Let's analyze this line graph:

• The area on the left of the chart that's circled in green shows the latency is consistent at 10 ms as the load increases from 800 IOPS to 2,400 IOPS. This latency baseline is affected by what kind of storage solution you use.
• The area on the right side of the chart circled in maroon shows the system throughput between the baseline and the end of data collection. The throughput itself doesn't change, but the latency increases. This area shows what happens when request volume passes the storage system's physical limit. Requests sit in the queue longer before the disk serves them.

Now, let's think about what this data tells us.

First, let's assume a user querying membership of a large group requires the system read 1MB of data from the disk. You can evaluate the amount of I/O required and how long the operations take with these values:

• The size of each Active Directory database page is 8KB.
• The minimum number of pages the system needs to read is 128.
• Therefore, at the baseline area in the diagram, the system should take at least 1.28 seconds to load the data from the disk and return it to the client.
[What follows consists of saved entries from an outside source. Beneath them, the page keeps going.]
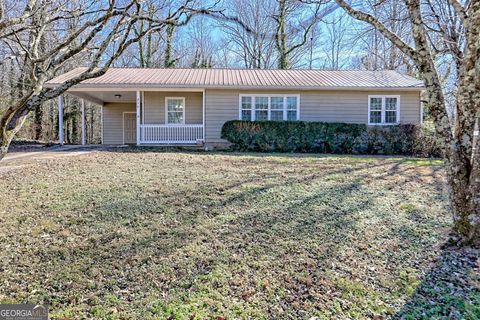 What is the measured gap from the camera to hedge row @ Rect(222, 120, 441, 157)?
497 inches

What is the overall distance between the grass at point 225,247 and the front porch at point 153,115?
7003 mm

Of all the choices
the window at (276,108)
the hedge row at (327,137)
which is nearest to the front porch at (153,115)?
the hedge row at (327,137)

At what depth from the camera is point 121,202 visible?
542 centimetres

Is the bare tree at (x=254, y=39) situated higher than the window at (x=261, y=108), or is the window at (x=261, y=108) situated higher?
the bare tree at (x=254, y=39)

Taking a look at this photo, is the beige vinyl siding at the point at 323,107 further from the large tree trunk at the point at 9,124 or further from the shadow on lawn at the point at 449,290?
the shadow on lawn at the point at 449,290

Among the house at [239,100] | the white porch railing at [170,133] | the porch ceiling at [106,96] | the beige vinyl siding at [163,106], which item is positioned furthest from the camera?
the beige vinyl siding at [163,106]

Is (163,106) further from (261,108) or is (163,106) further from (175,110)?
(261,108)

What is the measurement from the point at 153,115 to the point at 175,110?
1.03 meters

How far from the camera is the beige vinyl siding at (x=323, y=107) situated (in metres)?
14.3

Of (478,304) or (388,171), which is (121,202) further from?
(388,171)

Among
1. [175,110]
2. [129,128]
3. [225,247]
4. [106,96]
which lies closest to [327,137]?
[175,110]

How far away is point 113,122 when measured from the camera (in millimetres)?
17453

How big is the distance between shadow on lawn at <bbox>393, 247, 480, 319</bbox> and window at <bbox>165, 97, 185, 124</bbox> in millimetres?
12617

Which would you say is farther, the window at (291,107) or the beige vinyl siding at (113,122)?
the beige vinyl siding at (113,122) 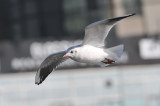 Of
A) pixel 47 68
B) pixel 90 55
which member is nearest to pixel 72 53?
pixel 90 55

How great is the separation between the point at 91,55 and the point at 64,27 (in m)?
14.6

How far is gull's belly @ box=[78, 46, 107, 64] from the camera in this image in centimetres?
843

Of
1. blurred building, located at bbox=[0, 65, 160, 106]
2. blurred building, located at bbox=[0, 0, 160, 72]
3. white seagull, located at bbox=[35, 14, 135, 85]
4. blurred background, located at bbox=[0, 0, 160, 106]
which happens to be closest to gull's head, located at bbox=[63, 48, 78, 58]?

At the 20ms mark, where the throughput goes well above the recommended maximum, the process takes 2.5 seconds.

Based on those numbers, you can calculate how fast the cache warms by using this equation:

2,400 IOPS × 8KB per I/O

After running this calculation, we can say that the cache warm rate in this scenario is 20MBps. In other words, the system loads about 1GB of database into the RAM every 53 seconds.
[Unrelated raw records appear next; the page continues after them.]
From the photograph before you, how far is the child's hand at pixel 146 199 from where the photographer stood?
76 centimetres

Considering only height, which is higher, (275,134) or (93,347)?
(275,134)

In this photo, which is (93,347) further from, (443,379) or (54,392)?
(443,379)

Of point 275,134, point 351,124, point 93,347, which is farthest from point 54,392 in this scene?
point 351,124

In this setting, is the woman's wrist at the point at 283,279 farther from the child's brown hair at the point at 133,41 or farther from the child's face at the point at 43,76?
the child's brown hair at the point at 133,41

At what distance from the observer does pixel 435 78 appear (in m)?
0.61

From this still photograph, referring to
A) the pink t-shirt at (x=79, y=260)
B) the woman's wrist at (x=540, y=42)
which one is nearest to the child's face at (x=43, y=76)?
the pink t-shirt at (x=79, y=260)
There's a physical limit to how quickly the cache warms based on how you design the storage system. The only thing that can warm the cache up to the rate the underlying storage can accommodate are incoming client requests. Running scripts to try to prewarm the cache during peak hours competes with real client requests, increases overall load, loads data that's not relevant to client requests, and degrades performance. We recommend you avoid using artificial measures to warm the cache.